Big oil firms routinely share their knowledge of offshore petroleum operations with robot makers, in order to help develop specialized underwater robots. The need for better undersea technology will be further driven home once Washington lifts a current moratorium on offshore drilling and such operations resume. President Obama has ordered a six-month halt on drilling in waters 500 feet and deeper while a commission investigates safety issues and more. The federal government defines "deep" as any well that's more than 500 feet down. The move affects about 600 wells in U.S. coastal waters. Reports say the administration most likely will lift the curb on wells that operate at these shallower depths first, rather than those at depths of many thousands of feet.
Donovan says the legal liabilities faced by BP in the Gulf spill will motivate big oil players to have better marine robots to deal with future spills quickly and effectively. Besides robots, Donovan says the crisis will lead to developing better underwater sensors that can detect and track deep-sea oil drilling problems.

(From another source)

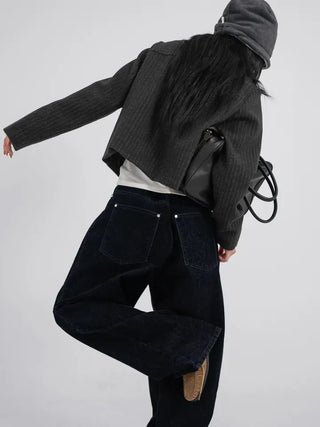 Ar Stripe Ribbon Pocket Mini Short Coat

Joe Dyer, a retired Navy vice admiral and president of iRobot's government and industries unit, says the BP crisis will create demand for marine robots of different sizes and capabilities. If there's anything the next generation of marine robots will share, he says, it's that they will all be "smarter."

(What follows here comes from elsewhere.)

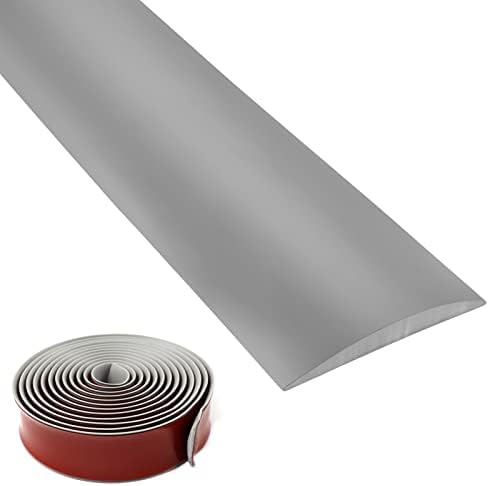 SDLDEER 3m Übergangsprofil Selbstklebend, 4cm Breit Übergangsleiste Boden | PVC Türschwellen Leiste Höhenausgleich Abdeckleiste für Laminat, Teppich, Fliesen(Grau)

Demand for deep-sea robots is being driven by Moore's Law, says John Pike, who heads research firm GlobalSecurity.org. Intel (INTC) co-founder Gordon Moore famously wrote in the 1960s that chip performance would roughly double every 18 months. "These marine robots get twice as smart every 18 months," Pike said.
A May 7 article in Scientific American predicts that the oil industry will at some point rely completely on autonomous vehicles. AUVs decide independently when to use thrusters, arms and other gear to do their fix-it work. Such vehicles wouldn't be tethered by cable to human operators in a mother ship.

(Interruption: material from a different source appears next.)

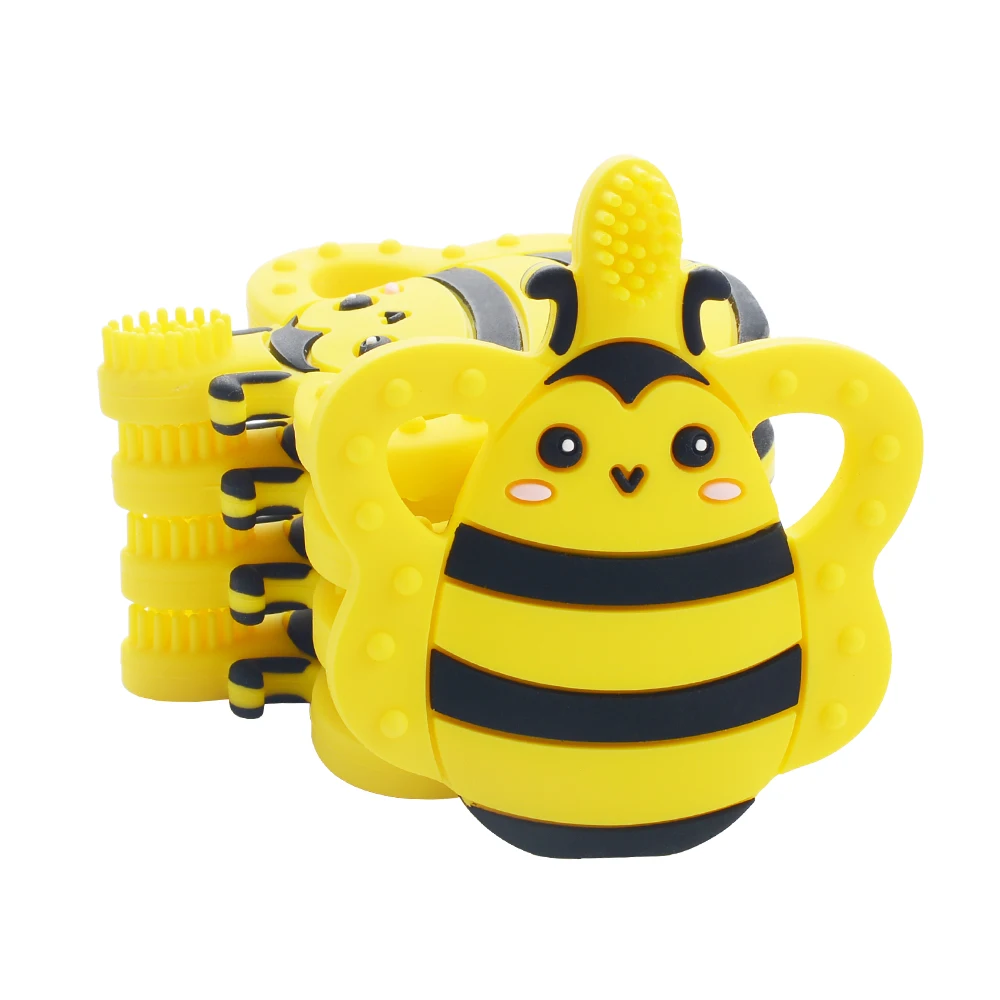 Baby Silicone Teethers Cartoon Bee Toothbrush Teething Toy BPA Free Food Grade Charms Kids Nursing Gift | Мать и ребенок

Tethered gear requires that technicians watch the work on TV screens aboard ships and direct every move, sometimes with slow or clunky results. Such work is an even bigger challenge at a depth of 5,000 feet.
Bluefin's Donovan says, however, that it isn't clear yet if AUVs work better than tethered ones. He says today's AUVs, like the ones made by Bluefin, are used mostly for observation, not to perform heavy work. On the other hand, he says the tethered robots that BP is using in the Gulf are also incapable of doing heavy work.
Autonomous Robots Best?
"You could say that building autonomous robots that can do heavy work is a logical progression," Donovan said. "But what I cannot say is whether having a tethered vehicle has actually impeded BP from what they need to do in the current oil spill."
It was reported last month that a tethered robotic sub, guided by technicians above, managed to cap one of the leaks from the BP well. It was able to move a valve weighing over a ton into place, stopping one of the three leaks spewing from the ocean floor. But the robot failed to plug the other leaks.
The push to develop better deep-sea robotics extends beyond the U.S. China is reportedly developing huge underwater robots for offshore oil drilling in the oil-rich South China Sea. Canada is using robotic subs to map the Arctic Ocean floor to boost territorial claims for natural resources along its continental shelf.
The Korea Times reported in May that South Korean scientists are developing underwater robots shaped like dolphins, crabs, squids and other sea animals. The idea is that biologically inspired robotics with fins or legs can move better across a seafloor than machinelike robots.
"The global aquatic robot market is set to explode, headed by such pioneers as the U.S. and the United Kingdom. China also has a keen interest in the potential-laden area," scientist Ryuh Young-sun told the Korea Times. Ryuh heads the Underwater Robotic Center, a research institute created by South Korea's government to design biologically inspired marine robots.